▸ **MATERIAL PROVIDED**:
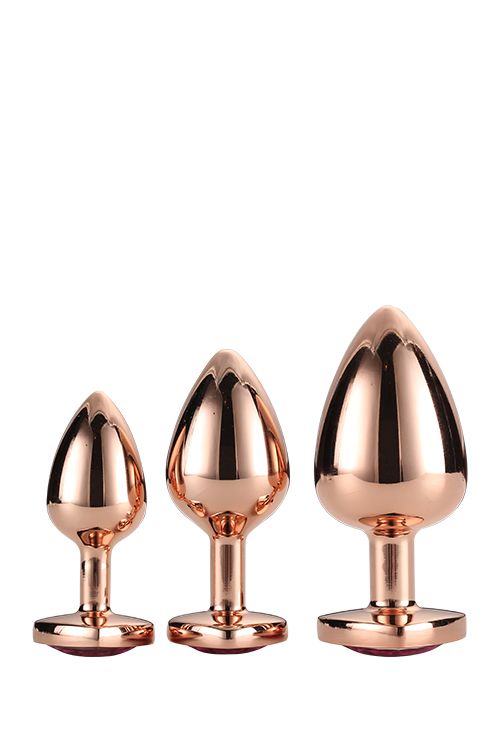 Набор анальных пробок GLEAMING LOVE ROSE GOLD PLUG SET вид 4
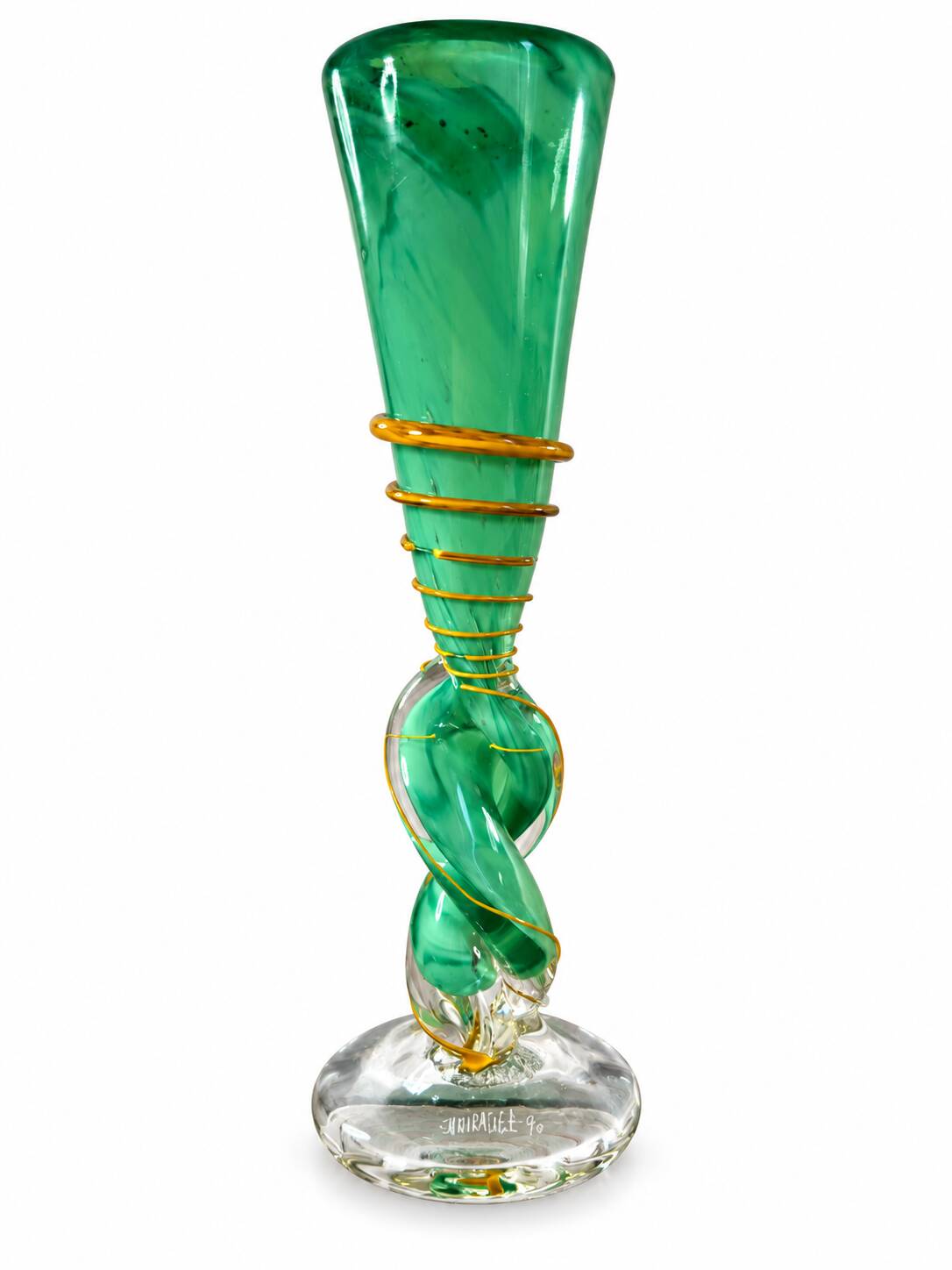 Blown glass vase by Guy Untrauer, signed and dated 1990.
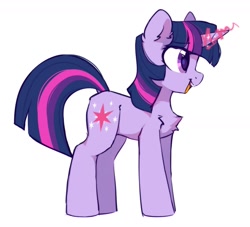 Size: 1607x1460 | Tagged: safe, artist:mirtash, character:twilight sparkle, character:twilight sparkle (unicorn), species:pony, species:unicorn, g4, chest fluff, cute, ear fluff, eyebrows, eyebrows visible through hair, female, fluffy, glowing horn, horn, magic, magic aura, mare, open mouth, open smile, profile, simple background, smiling, solo, twiabetes, white background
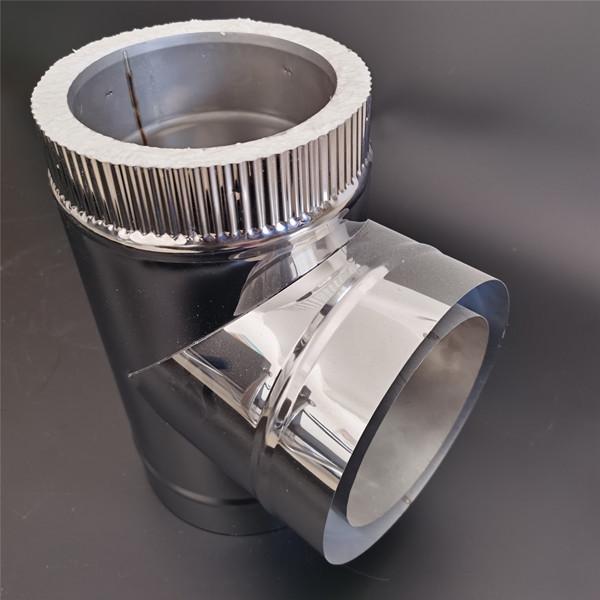 Twin Wall Stove Chimney Pipe 90 Degree Tee With Ceramic Fibers Insulation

▸ **WHAT NEEDS TO BE DONE**: In transcribing the lines above, omit the images and keep all else exact.

▸ **RESPONSE BOX**:
 Набор анальных пробок GLEAMING LOVE ROSE GOLD PLUG SET вид 4
 Blown glass vase by Guy Untrauer, signed and dated 1990.
 Size: 1607x1460 | Tagged: safe, artist:mirtash, character:twilight sparkle, character:twilight sparkle (unicorn), species:pony, species:unicorn, g4, chest fluff, cute, ear fluff, eyebrows, eyebrows visible through hair, female, fluffy, glowing horn, horn, magic, magic aura, mare, open mouth, open smile, profile, simple background, smiling, solo, twiabetes, white background
 Twin Wall Stove Chimney Pipe 90 Degree Tee With Ceramic Fibers Insulation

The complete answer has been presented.